Montero's second goal sent us into a new state of euphoria. Chants of "It's all gone quiet over there," rung out throughout ECS and at one point we even turned our backs to the game to sing "Seattle Sounders Ole" (otherwise known as the pogo song). It may not have been the classiest gesture, but what fun is acting like you been there, anyway?
When the final whistle blew and the Whitecaps fans started filtering out, it really became apparent just how many Sounders fans were in the house. They came out of seemingly every corner of the stadium and filtered down toward the field to witness the Timbers Army handing over the Cascadia Cup.
During the hand-off, the Whitecaps were having a celebration of their own. It was the last game to ever be played at Empire Field, a temporary facility that will be torn down when the Whitecaps move to renovated BC Place next week. As coincidence would have it, the Whitecaps set off some fireworks while the Sounders were lifting the Cup, making it seem like a much bigger celebration than I'm sure the Whitecaps intended it to be.
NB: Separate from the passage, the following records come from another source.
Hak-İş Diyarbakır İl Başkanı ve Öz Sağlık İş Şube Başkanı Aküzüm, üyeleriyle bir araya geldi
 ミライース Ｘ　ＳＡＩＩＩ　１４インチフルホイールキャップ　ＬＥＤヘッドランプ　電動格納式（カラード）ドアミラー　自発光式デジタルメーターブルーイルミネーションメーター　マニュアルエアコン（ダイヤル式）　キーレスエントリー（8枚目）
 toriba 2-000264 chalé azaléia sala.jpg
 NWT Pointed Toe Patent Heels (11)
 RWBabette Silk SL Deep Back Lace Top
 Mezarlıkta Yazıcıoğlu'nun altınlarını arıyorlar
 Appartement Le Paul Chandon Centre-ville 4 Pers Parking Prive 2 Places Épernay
Once the players had taken their turn with the cup, it was passed to ECS leadership and then carried into the stands. The cup was passed through the crowd and eventually ended up in the hands of Preston Burpo, the former USL Sounder who had joined us. On a night full of great moments, seeing the look on his face when he was serenaded with chants of "Sounders legend (clap, clap, clap, clap, clap) Sounders legend" was maybe the best.
Drinking, Singing and Winning
Marching back to the buses, a much more quiet sense of accomplishment washed over us. No, we hadn't made any tackles, completed any passes or scored any goals. But we had given it our Full 90, if you'll pardon the cliche, and I think we deserved to feel as though we had done our part to earn the satisfaction.
At least among the official away travelers, there were no incidents to speak of. No arrests. No fights. No serious injuries. Everyone made it across the border and back. The travelling support drank, sang and got to do both while literally holding the Cascadia Cup. More than two months of careful ECS planning had been executed to absolute perfection.
I came away from the whole experience with not just a new respect for ECS as an organization, but with a burning desire to do this all again.